Age of criminal responsibility/Strafmündigkeit

I found a reference yesterday that suggested Tony Blair reduced the age of criminal responsibility in the UK from 14 to 10 (14 is the age in Germany and 10 in England and Wales).

Anyone who remembers the two eleven-year-old boys in Liverpool convicted of the murder of a toddler will know the age of criminal responsibility has always been 10 (apparently 8 in Scotland).

What I had forgotten was that there really was a change under Blair: there used to be a get-out condition, in that a child aged between 10 and 13 could only be convicted if he had mischievous discretion, which meant that he knew what he was doing was wrong. There was a presumption (Vermutung) that the child was doli incapax (incapable of committing a criminal offence). I don’t know how often this worked in court, but it won’t have made any difference in the cases of murder that make the headlines.

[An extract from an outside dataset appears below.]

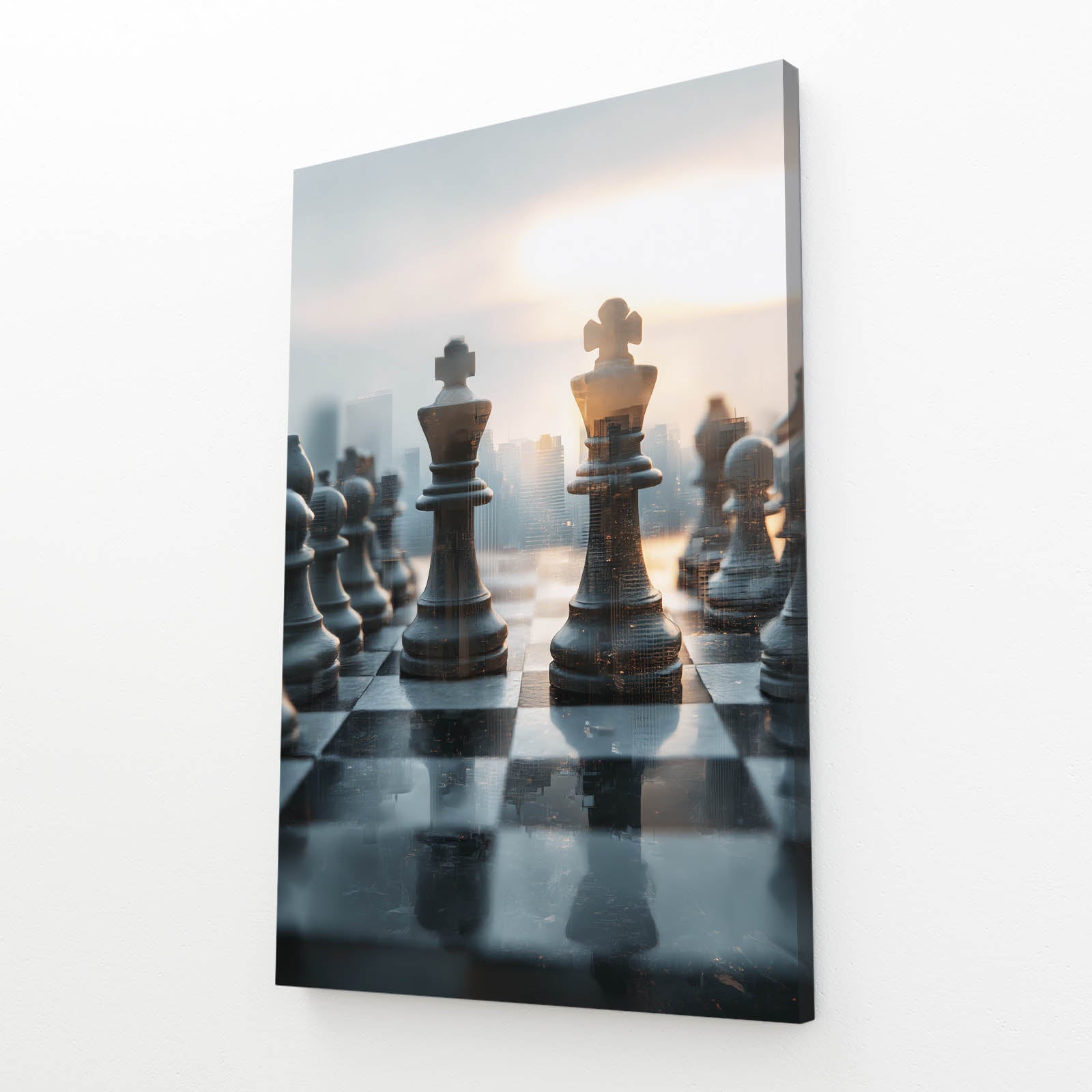 Skyline Board Dawn Chess Prints – angled canvas view on white background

At all events, this doctrine of doli incapax was indeed abolished, as was the presumption that a boy under 14 is incapable of rape. Here’s Lord Goodhart speaking on the subject in the House of Lords in 1998:

The noble Lord said: Amendment No. 174 proposes the abolition of the rule known by one of those tiresome expressions of legal Latin, doli incapax. The doli incapax rule has come under considerable attack in recent years and that attack is indeed, I believe, to a large extent justified. In many cases the presumption that a child or young person under the age of 14 does not know that what he is doing is seriously wrong is indeed contrary to common sense. It is a waste of time and money to call evidence to prove what is in fact obvious: that a 13 year-old defendant who has done something extremely unpleasant knew that his conduct was seriously wrong.

As Goodhart suggested, it would make more sense to reverse the presumption, thus saving court time.

This move was correctly described in German as a reduction of ‘das Alter der unbedingten Strafmündigkeit’ (Google gives examples). But the ‘unbedingt’ has sometimes been omitted.